The words read familiar. They were dressed a little differently than I remembered, perhaps, but I was convinced of their familiarity. Similar to the junction leading to your old high school, now adorned with billboards and traffic lights, yet still inherently familiar, I knew those words and where they would take me. Within seconds, I remembered where I'd first heard them. I haven't lived too much, you see. As such, I have the pleasure of a handful of past lives and I only had to pull on a memory thread from one of them. It was a song with the lines,
Grow old with me
Let us share what we see
And oh the best it could be
Just you and I
It was Tom Odell’s Grow Old With Me.
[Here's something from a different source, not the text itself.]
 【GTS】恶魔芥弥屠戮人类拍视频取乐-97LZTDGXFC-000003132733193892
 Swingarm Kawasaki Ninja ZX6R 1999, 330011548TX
It's still every bit as beautiful as it was on first hearing, and is bettered in loveliness only by one Sharon Kincaid. Surely it wasn't coincidental that Sharon and Tom's words were essentially the same, and a quick web search confirmed my suspicion. In fact, there have been a bunch of songs so named, all presumably taking inspiration from a poem by Robert Browning. And to have connected the dots between a song, a book, and a poem across three different centuries was pleasantly satisfying.
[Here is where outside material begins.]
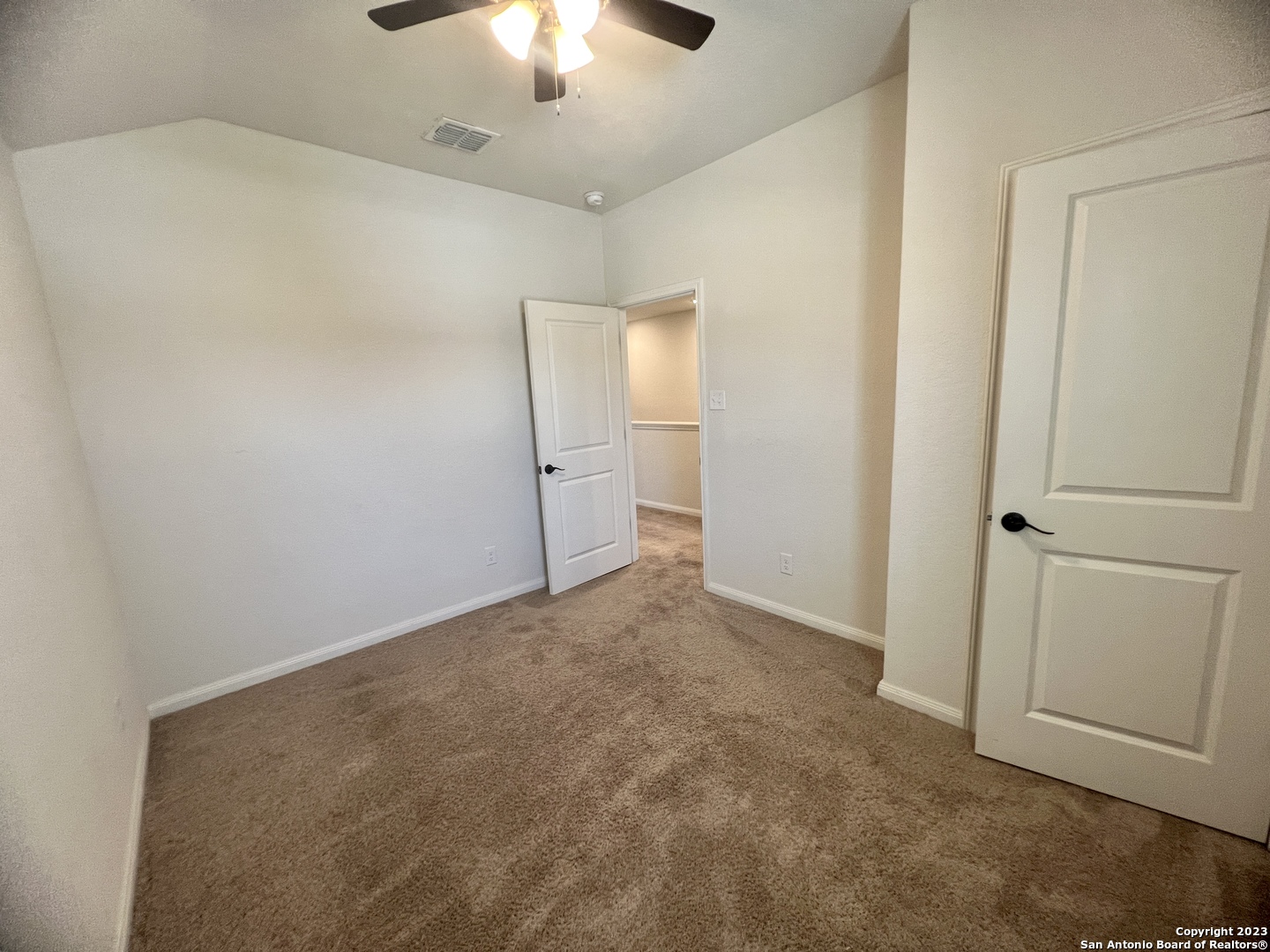 10335 Lynwood Creek San Antonio TX 78245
I quite like homages. The only things I enjoy better than being told of a homage are peanuts and recognizing a homage by myself. Homages are tributary, celebratory, and educational, and contribute to the continuity of an artistic tradition and style. However, it is not for these reasons they most delight me. Homages validate the existence of art. When you consume an artwork, there is a connection, an intimate dialogue between the creator and you, the audience. But it is when you stumble upon that familiar stroke of a pen or brush, that reenactment of an eternally long tracking shot, that echoed motif in the bridge of a rap record, or that subtle dialogical nod to another artwork within a piece, it is then that your encounter with the original work feels validated. That is when you realize that art isn’t isolated; it’s an intricate web of influences, inspirations, and interconnected narratives. Homages say, for a fact, that a piece of art previously seen was truly seen. They affirm that every stroke, every concept, every idea, and every conjuring from the realm of inspirations, is not only real but also part of a larger artistic universe, enriching and validating your experience.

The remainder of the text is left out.